# [Try it]
Exactly reproduce the lines of the listing below from the one containing "ДТП в Харькове: пьяные" through the one containing "56 Morningside Ave — Photo 22". Skip the images.

# [Input records]
* * * * *

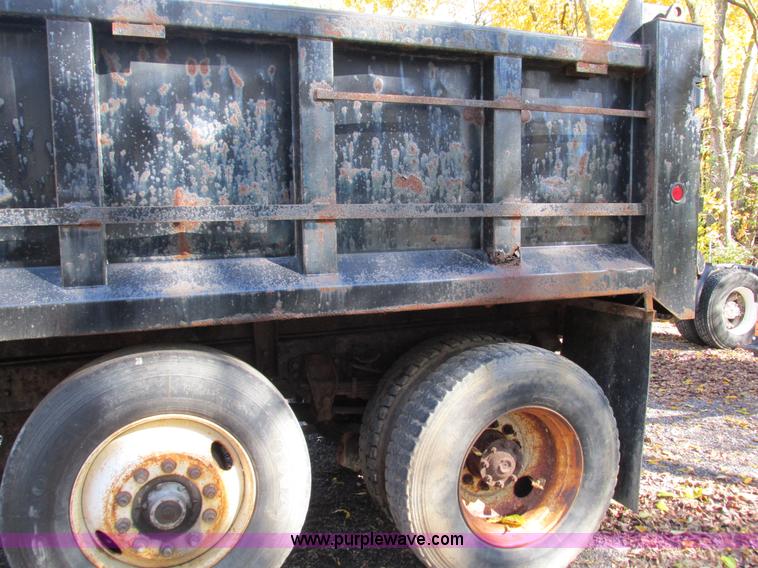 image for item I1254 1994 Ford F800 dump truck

* * * * *

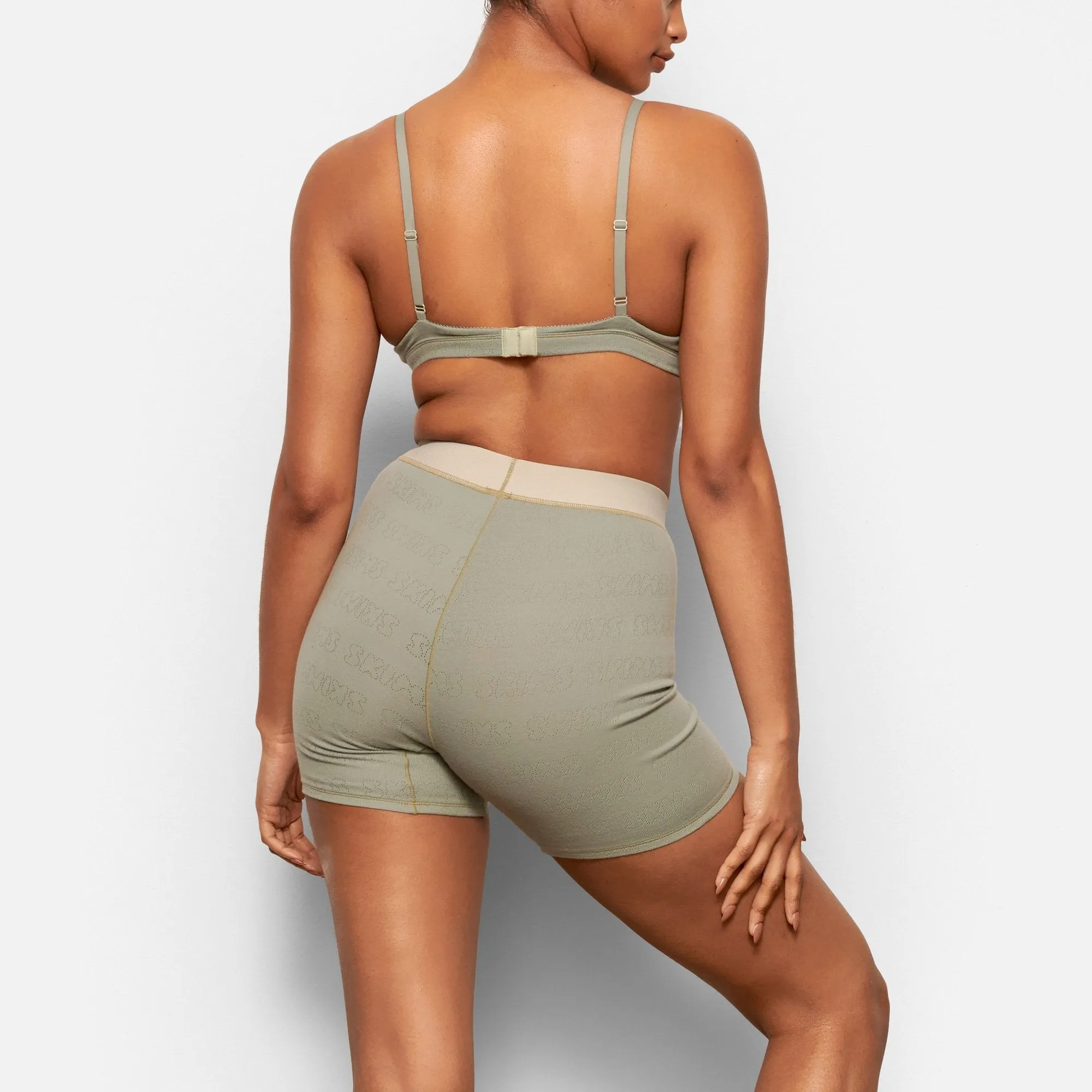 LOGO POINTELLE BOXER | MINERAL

* * * * *

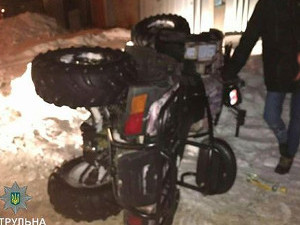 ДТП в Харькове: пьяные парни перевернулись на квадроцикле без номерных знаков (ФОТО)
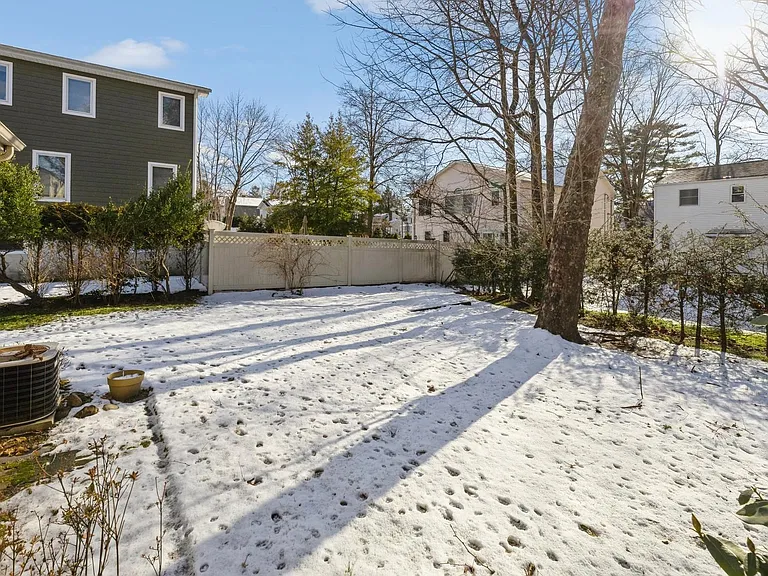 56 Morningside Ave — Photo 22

* * * * *

# [Answer box]
 ДТП в Харькове: пьяные парни перевернулись на квадроцикле без номерных знаков (ФОТО)
 56 Morningside Ave — Photo 22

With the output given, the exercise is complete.